If the older dog doesn't want to play and pup isn't taking the hint, I'd simply redirect puppy or if that isn't working, separate them for a while until pup calms down. A lot of confident pups do the bark-at-the-humans thing, often with a little snarly face as a sort of "bossy-bratty" protest or demand. Most often, it's nothing to worry about -- just kindly teach pup that's not how he gets what he wants in your human world.

As RedDogs said, I'd be curious to hear why you don't think it's play. 

One thing to suggest is rather than scold him (and I"m not sure what you mean by that), simply redirect him our stick him in his pen or crate for a little cooling off period. Often, when we get all scoldy in a human way (pointy finger, bad dog! blah blah blah) it causes the pup to be barkier... so we escalate our behavior... frustration ensues.) And for most pups, negative attention is better than being ignored. If his mis-behavior (in your mind) earns him 10 mins of quiet time in his crate (where you calmly put him in there - not in anger, so he won't learn to worry about the crate) he'll likely change his behavior faster.


----------



## tp1999 (Nov 9, 2010)

this is all helpful, and it's very possible I'm over reacting (as a new mom to two dogs), because he has a sweet disposition and he doesn't try to hurt the older pup, he just plays really hard. Labeling him aggressive is too harsh in retrospect and my husband doesn't think it's aggression. Our other dog was just such a mellow breeze as a tiny pup, so I started to get concerned. He gets and gives lots of cuddles otherwise. As Red Dog suggests, it's best for a professional trainer to determine or not whether this is normal play and I'm booking a session asap. 

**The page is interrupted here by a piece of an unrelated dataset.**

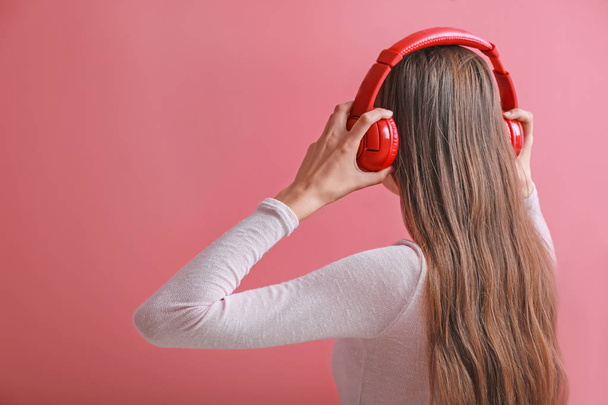 Junge Frau mit Kopfhörern hört Musik auf farbigem Hintergrund - Foto, Bild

I'll also check out the other puppy up to one year forum for more tips...thanks again. 

btw, I love seeing all of the pictures of your goldens!


----------



## BeauShel (May 20, 2007)

I have to say it can also be rather wild seeing two adults playing rough too if you are not used to it. They can show teeth and play growl with each other and wrestle. But you will learn to see the signs to know what is play and what is not.


----------



## Bender (Dec 30, 2008)

Totally normal 'bratty puppy' behavior. It's likely because your other dog is still young, he'll put up with a lot before he gets annoyed and corrects him for it - usually older dogs aren't as tolerant. But young pups do have that 'permission' to act up, when they hit a certain age they'll likely get corrected a lot more.

It's like kids, you'd forgive a baby for attempting to pick your nose or take your glasses but wouldn't allow a ten year old to do the same thing!

The other thing to do is to start training puppy, and doing separate time one on one with each dog. Have your hubby take the older dog for a walk while you work on things with puppy, then he can take puppy while you work with the older dog, or whatever combination works so they have that alone time and aren't relying on each other 100% of the time for comfort and so on. You still want both puppies to listen to you and be able to cope if they're not together for whatever reason.

Lanaa


----------



## jackie_hubert (Jun 2, 2010)

Thought you might enjoy these photos of Cosmo playing with our 2 year old. He was 8 weeks here.


----------



## tp1999 (Nov 9, 2010)

jackie_hubert said:


> Thought you might enjoy these photos of Cosmo playing with our 2 year old. He was 8 weeks here.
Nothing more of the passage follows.